### What the task requires
Repeat the listing exactly as given, omitting every image.

### Given information
········
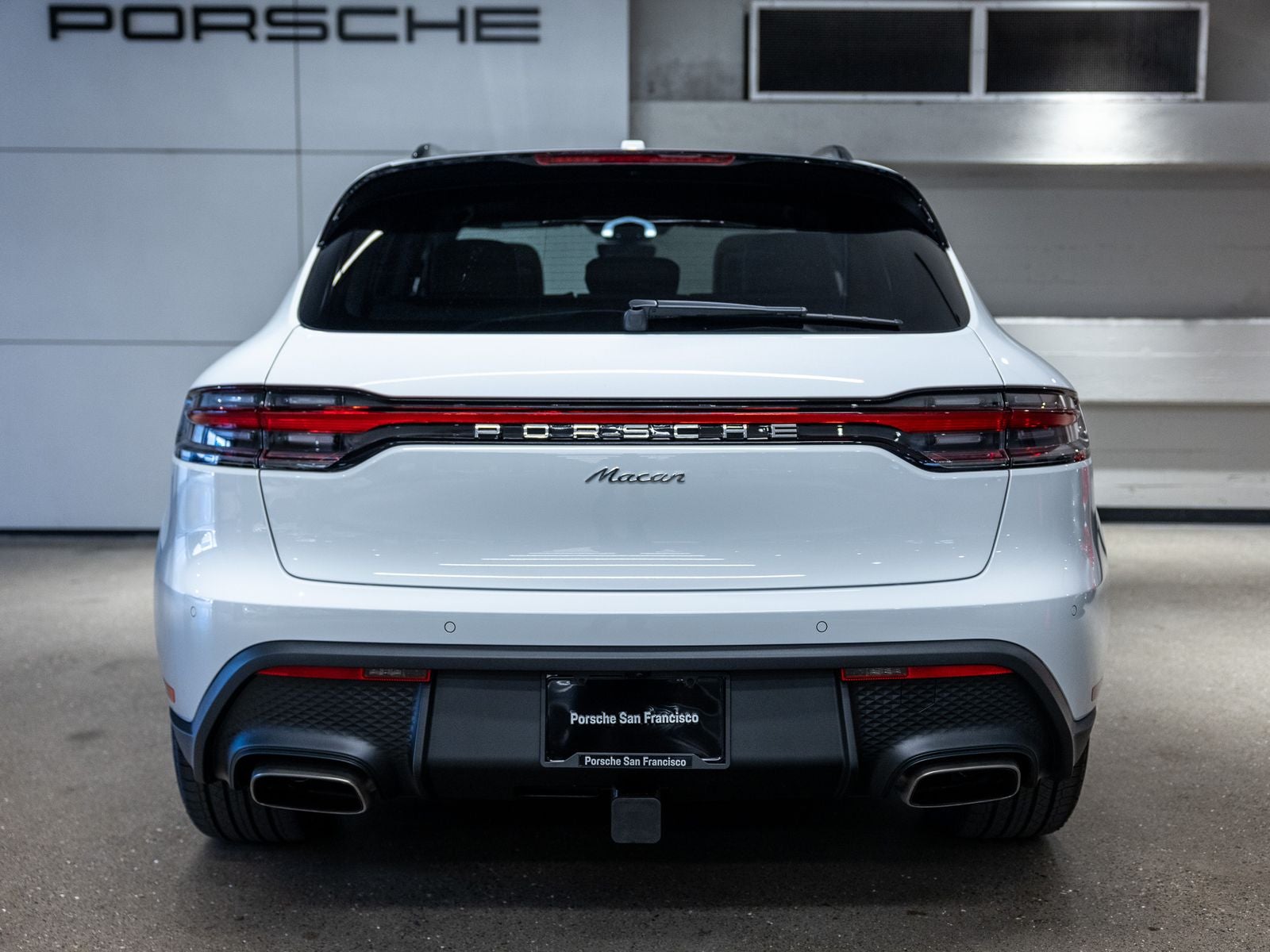 2026 Porsche Macan Base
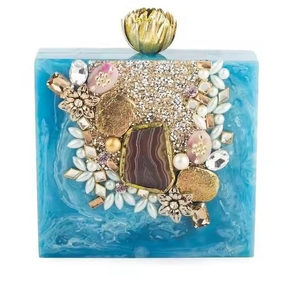 Pochette en résine abstraite Bold Beauty avec finition brillante, fermeture magnétique étanche, décorée de diamants et de fleurs - Product Image 4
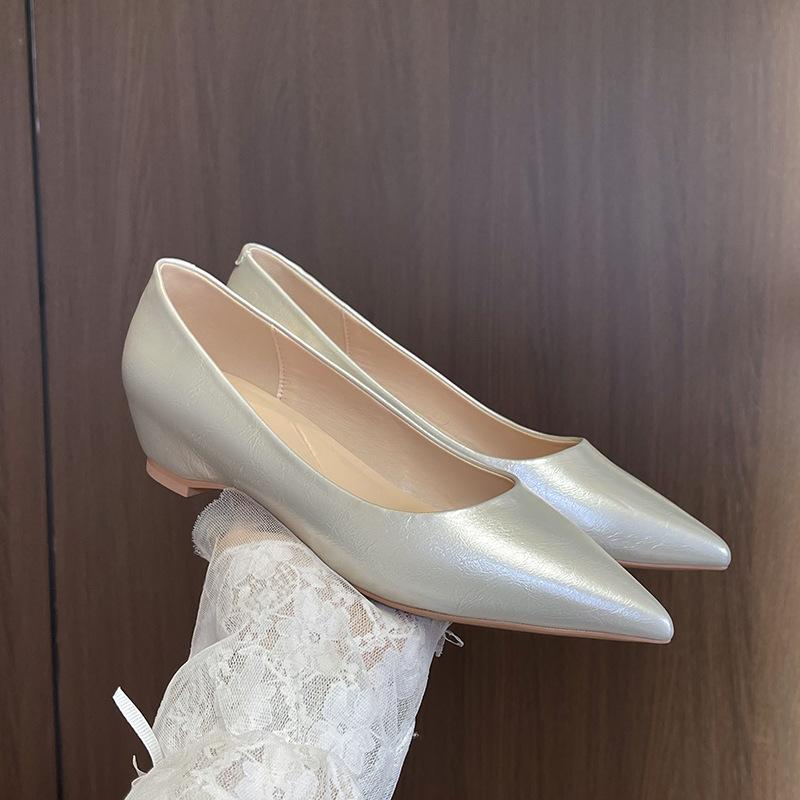 Маленький внутренний каблук, одинарные туфли, женские туфли-клинья с острым носком, универсальные, с мелким вырезом, рабочие туфли из мягкой кожи, см 35
Маленький внутренний каблук, одинарные туфли, женские туфли-клинья с острым носком, универсальные, с мелким вырезом, рабочие туфли из мягкой кожи, см 35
········
### Task result
 2026 Porsche Macan Base
 Pochette en résine abstraite Bold Beauty avec finition brillante, fermeture magnétique étanche, décorée de diamants et de fleurs - Product Image 4
 Маленький внутренний каблук, одинарные туфли, женские туфли-клинья с острым носком, универсальные, с мелким вырезом, рабочие туфли из мягкой кожи, см 35
Маленький внутренний каблук, одинарные туфли, женские туфли-клинья с острым носком, универсальные, с мелким вырезом, рабочие туфли из мягкой кожи, см 35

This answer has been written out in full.